Para o substrato, misture duas partes de terra solta, uma parte de composto orgânico bem curtido e uma parte de material que ajude a drenagem, como areia grossa lavada ou casca de arroz carbonizada. A mistura deve apertar levemente na mão e se desfazer quando solta. Se virar um torrão compacto, há excesso de terra fina ou umidade.
Coloque o rizoma deitado, com as gemas voltadas para cima, e cubra com uma camada de 3 a 5 centímetros de substrato. Não enterre fundo demais. A gema precisa atravessar a terra, e o excesso de cobertura mantém a região úmida por mais tempo, aumentando o risco de apodrecimento no período de chuva.
Rega e luz durante a brotação
Após o plantio, molhe até a água começar a sair pelos furos do vaso. Depois, espere a camada superficial secar antes de regar novamente. Em vez de seguir um calendário fixo, enfie o dedo cerca de 2 centímetros no substrato: se ainda estiver úmido, aguarde; se estiver seco nessa profundidade, faça uma nova rega.
Em Belém e em outras áreas quentes e úmidas da Amazônia, a chuva pode cumprir parte dessa tarefa. Mesmo assim, vaso protegido por telhado ou beiral precisa ser observado todos os dias. O prato sob o recipiente não deve acumular água, porque o fundo encharcado reduz o ar disponível para o rizoma.

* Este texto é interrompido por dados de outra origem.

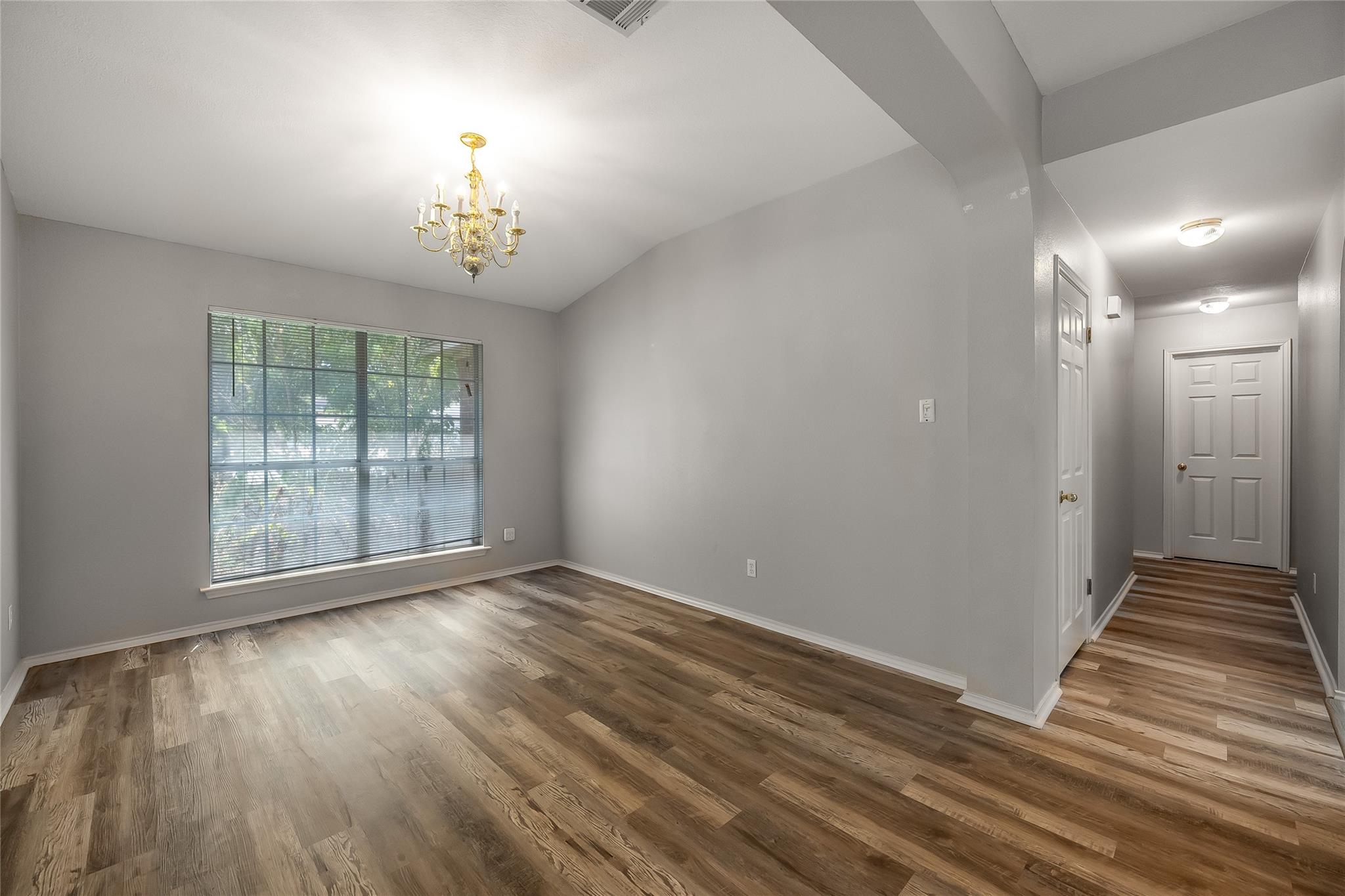 3924 Mocha Trl, Austin, TX 78728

Deixe o vaso em sombra parcial, com claridade abundante e algumas horas de luz filtrada. O sol direto e intenso da tarde pode queimar as folhas novas, enquanto a sombra fechada deixa a planta alongada e reduz o desenvolvimento. Uma varanda clara, um quintal com tela de sombreamento ou o espaço sob uma árvore de copa leve costumam funcionar melhor.
Quanto tempo até colher
O gengibre costuma levar cerca de 8 a 10 meses para formar rizomas maduros. O açafrão-da-terra geralmente chega ao ponto de colheita em aproximadamente 7 a 10 meses. O prazo muda conforme o tamanho do vaso, a quantidade de luz, a temperatura e o ritmo de secagem do substrato, por isso a aparência da parte aérea é mais útil do que contar apenas os meses.
Quando as folhas começam a amarelar, perder firmeza e secar gradualmente, a planta está redirecionando energia para a parte subterrânea. Espere a maior parte da parte aérea secar, reduza as regas e suspenda a água por alguns dias antes de retirar o rizoma. Cave pelas laterais com cuidado, sem puxar o caule seco com força.

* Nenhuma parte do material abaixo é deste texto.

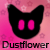:icondustflower:
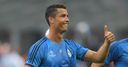 Ronaldo tops Forbes rich list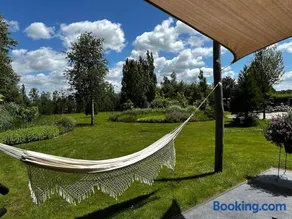-NIEUW- Luxe & sfeervol Vakantiehuis Tholen - Image 3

Para colher apenas uma parte, retire a terra de um lado e corte um pedaço do rizoma, preservando o restante no vaso. Se a intenção for renovar o plantio, separe os segmentos mais firmes e com gemas para a próxima brotação. Lave a colheita somente quando for usar, pois o excesso de umidade encurta a conservação.
O que costuma dar errado
Plantar o rizoma em terra de jardim pesada é um dos erros mais comuns. A água fica acumulada ao redor das gemas, e a peça amolece antes de brotar. Regar todos os dias também não acelera o crescimento: no clima úmido, pode apenas manter o vaso encharcado.
Outro problema é colocar o recipiente no sol forte desde o primeiro dia ou em local completamente escuro. O broto novo precisa de claridade e proteção, não de calor excessivo nem de ausência de luz. Também não enterre o rizoma com a gema virada para baixo, porque o broto terá mais dificuldade para alcançar a superfície.
Quando a colheita chega, o gengibre e o açafrão-da-terra podem seguir direto para a cozinha do quintal, em preparos com peixe, arroz, caldos, tucupi e outros temperos usados no Pará. Cultivar os dois no vaso mostra que a produção começa antes da receita: começa em reconhecer uma pequena gema e criar, na medida certa, o ambiente para ela acordar.